Mais pour revenir sur le sujet de tes films, la classe ouvrière noire, en regardant Tonsler Park j’ai eu l’impression par moment, avec les longues scènes fixes sur les travailleurs, que tu voulais intentionnellement qu’on les regarde pendant aussi longtemps pour qu’on puisse vraiment voir et s’engager dans leur travail. Ce travail des Noirs qu’on prend souvent pour acquis.
C’est pour cette raison que je rends l’invisible, visible : on n’y prête pas attention. Et surtout je suis persuadé que si tu vas dans la rue à 5h30 demain matin, je te parie que tu verras énormément de Noirs, d’Arabes, etc. Parce que c’est eux qui allument la ville. C’est comme à New York, Los Angeles, Londres, leurs chauffeurs de bus, agents administratifs, ils allument la putain de ville. Ce sont des choses qu’on ne voit pas et des choses qui me fascinent parce que ma propre famille allumait les villes : c’est de ça qu’il s’agit.

Et en France en ce moment on a le mouvement des Gilets Jaunes tu vois ?
Les Gilets Jaunes ? Ouais ouais… Il y a des Noirs avec eux ?

(Rires) j’y arrive… mais ce qui est intéressant c’est que ces gilets jaunes sont pour la plupart des Français appartenant eux aussi à la classe ouvrière. Et je me rappelle qu’au début du mouvement certains demandaient « Où sont les Noirs et les Arabes ? »
Parce que ces enfoirés sont fous ! (rires)

Exactement ! Et je pense aussi que si nous y étions, nous aurions été des cibles faciles. Déjà sortir dans la rue fait de nous des cibles.
(rires) Vous n’allez pas être tués parce que vous êtes blancs… en un battement de cil. Ils ne comprennent pas, ils ne comprendront pas. J’étais dans le taxi avec ma fille l’autre jour et je lui ai dit « Je te parie que tu verras 0 négros dans leur merde ». (rires)

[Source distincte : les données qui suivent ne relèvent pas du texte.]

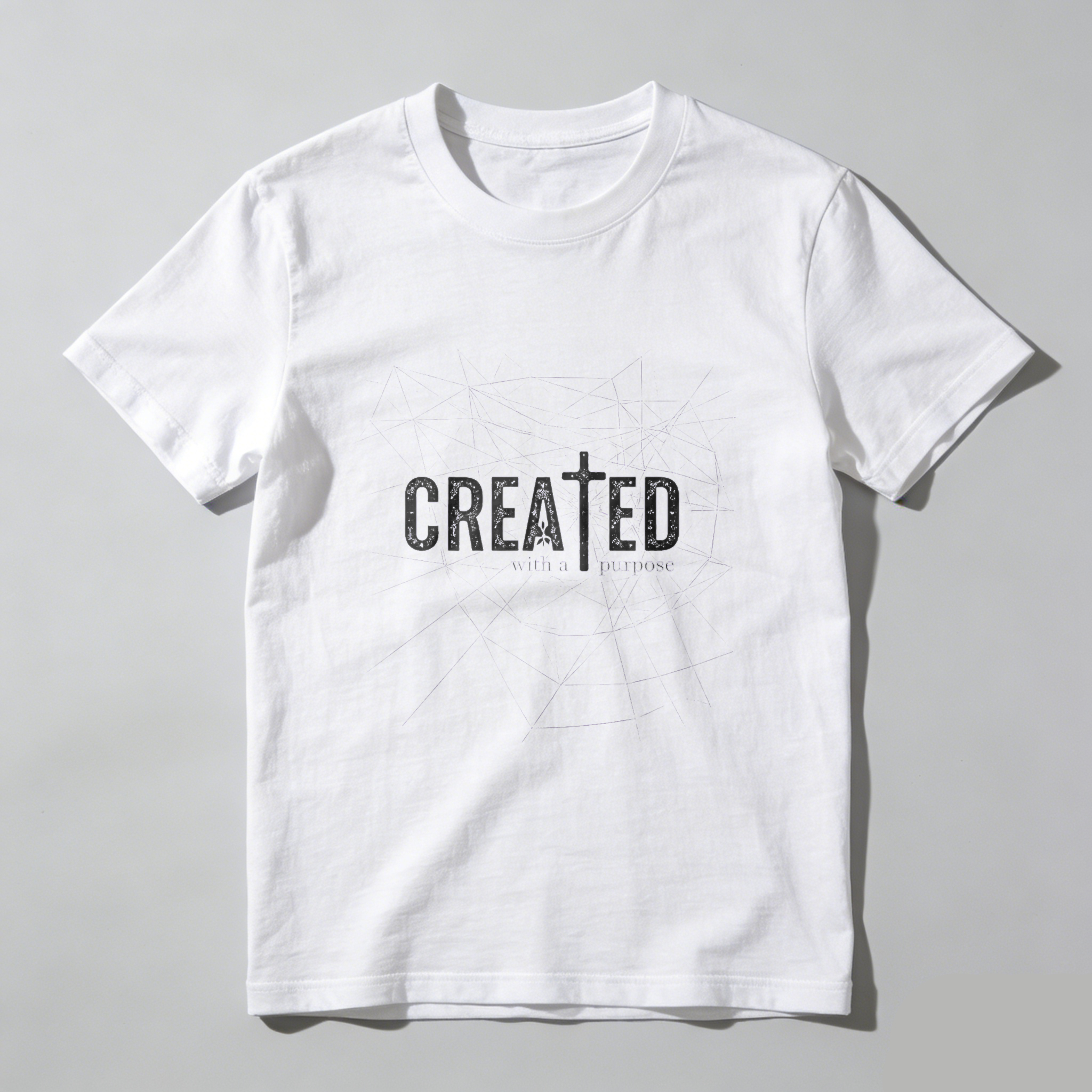 TEECURENT Created With A Purpose Christian T Shirt Faith Inspired Design For Men And Women Black宗教T恤 WOMEN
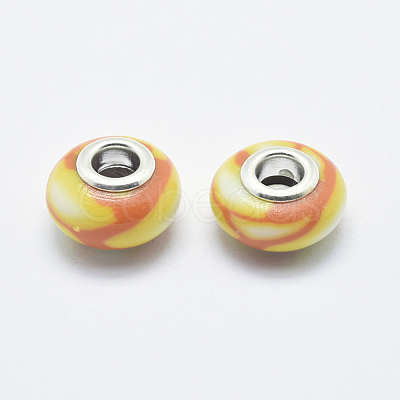 Handmade Polymer Clay European Beads CLAY-K002-C16-1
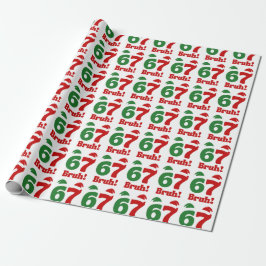 67 Bruh Funny Christmas Red and Green Santa Hat Presentpapper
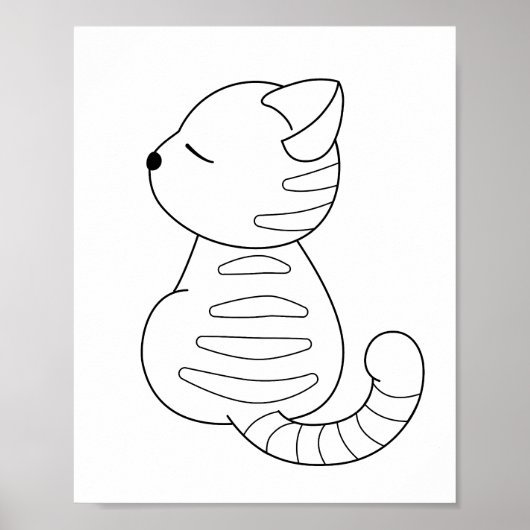 Tabby Cat Coloring Page Poster (Vorne)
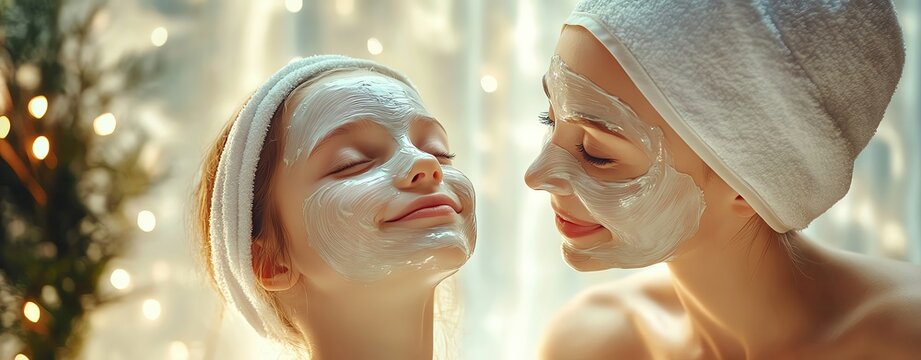 Mother and daughter enjoy a spa day together.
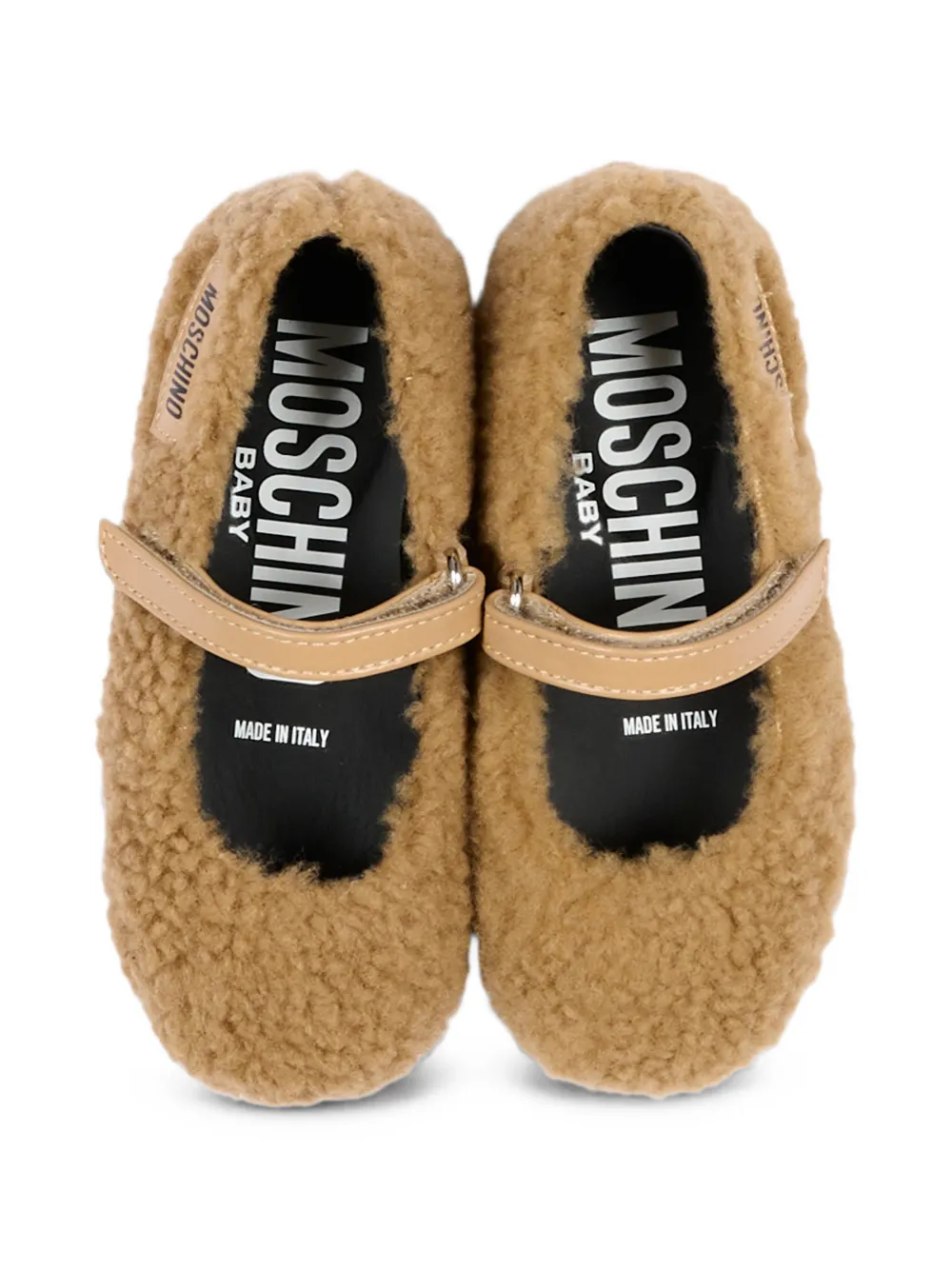 Moschino Kids logo-patch faux-shearling ballet flats Beige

Es-tu toujours professeur d’art à l’Université de Virginie ? Si c’est le cas je voulais savoir si dans tes cours tu lis des textes, ou tu proposes des textes théoriques à lire qui t’ont influencé en tant qu’artiste.
Tu veux savoir si je les lis moi même ou si je demande à mes élèves de les lire ?

Les deux.
Aucun des deux. (rires) Les étudiants en master ont une liste de textes à lire mais pour les étudiants en licence je veux juste qu’ils créent. Avant je lisais énormément et je sais qu’il y a plein de nouvelles théories depuis le temps, ça fait juste très longtemps que je n’en ai pas lues. Mais j’aime lire sur les artistes, sur comment ils créent, c’est ce qui m’intéresse en ce moment. Donc je demande souvent à mes étudiants de lire ce genre de textes. Je sais que les théories sont importantes mais je veux d’abord que les jeunes créent des trucs. Dans les années 90 je lisais tellement de choses, mais aujourd'hui je suis un peu largué. J’aime le travail de mon pote Darby English, tu connais ? C’est un historien de l’art, c’est probablement mon théoricien favori. (rires) Dans mes cartes de baseball de théoriciens c’est mon préféré. Oh et Fred Moten putain ! Tu peux pas lire ça. (rires) Je l’ai appelé une fois pour qu’il interprète une phrase pour moi, juste pour que je puisse l’entendre le dire à haute voix. Il y a Jacqueline Stewart aussi, elle travaille à l’université de Chicago. C’est une superstar. Et mon pote Michael B. Gillespie a sorti un nouveau livre… Il y a tellement de monde.

Mais pour ce qui est de demander à mes étudiants de lire des textes théoriques : pour les étudiants de Master, oui, mais pour ceux en licence, je ne préfère pas. Parce que quand ils vont commencer à lire tout ça, ils ne vont rien créer, ils vont juste s’asseoir et regarder les textes… pendant deux mois. (rires)


Entretien conduit le 17 mars à Paris dans le cadre de la 41e édition de Cinéma du Réel. Cette interview a été éditée pour plus de cohérence.